Implementation and Commissioning
Following the successful mock-up and testing of the master zone DDC controls with the control and diffuser manufacturers, and construction, test and balancing, and commissioning proceeded smoothly. Balancing VAV diffusers is accomplished by unhooking the tension spring that connects the thermostat/actuator and the blades, so the blades are full open constant volume, setting the static pressure controls to the correct range, and adjusting the duct mounted balancing dampers for design cfm at the diffuser.
Operating experience
Feedback from facilities staff at the medical office building is that the system had few teething problems and has performed very well over the past year of operation. The main problem was the failure to reconnect some of the actuator mechanisms after initial balancing had occurred. There have been no malfunctions of the VAV diffusers and the system has been easy to maintain. Most importantly, complaints from building occupants have been significantly lower than other similar facilities without individual room control. Service calls that were placed were quickly resolved by adjusting the diffuser set point. The Chief Engineer was pleasantly surprised and has already recommended the system to other medical facilities.
Energy Performance and Environmental Impact

The building's actual electricity and gas usage for one year have been compiled from the facility's utility bills and plotted in Figures 2 and 3. A detailed DOE-2 energy model was prepared for the facility to generate the "Standard Building", which is a minimally code compliant building with equivalent square footage, process and plug loads and identical operating schedules. The annual electric energy & costs and natural gas usage & costs for the equivalent "Standard Building" was obtained and has been plotted in Figures 2 and 3. The energy costs of the "Standard Building" were calculated based on the modeled energy use and an identical utility rate schedule as the actual facility. The graphs provide a comparison between the actual building energy consumption from the utility bills and the energy consumption of a building that meets the minimal requirements of the California Title-24 energy codes.

The project design minimizes building energy consumption, being 27% below California's Energy Code, thereby reducing the environmental impact of electricity generation.

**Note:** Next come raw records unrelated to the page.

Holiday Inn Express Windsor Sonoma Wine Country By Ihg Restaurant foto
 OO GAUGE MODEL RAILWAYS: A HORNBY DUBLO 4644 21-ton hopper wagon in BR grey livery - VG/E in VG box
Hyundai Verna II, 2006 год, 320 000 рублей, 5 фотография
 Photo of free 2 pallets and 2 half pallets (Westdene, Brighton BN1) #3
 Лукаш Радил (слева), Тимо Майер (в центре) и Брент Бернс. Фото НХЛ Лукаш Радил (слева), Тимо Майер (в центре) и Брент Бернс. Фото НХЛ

The DOE-2 energy model showed that the building design resulted in a saving of 1,859,430-kWh/year over a standard building designed to comply with California's Title-24 Building Energy Standards. Approximately 1-1/3 pounds of CO2 are produced for each kilowatt of electricity generated. The 1,859,430-kWh reduction in energy use corresponds to the elimination of over 2,473,040lbs/year of the greenhouse gas C02.

Conclusion

The use of thermally powered VAV diffusers can and should be applied to new construction as well as retrofit HVAC systems which has been the main market for the product to date. For the same cost as a conventional VAV reheat system, this approach offers improved comfort through individual room temperature control, better air distribution at part load, simplified duct distribution, greatly reduced reheat piping, simple, robust controls, Iower energy use, and easy commissioning and maintenance.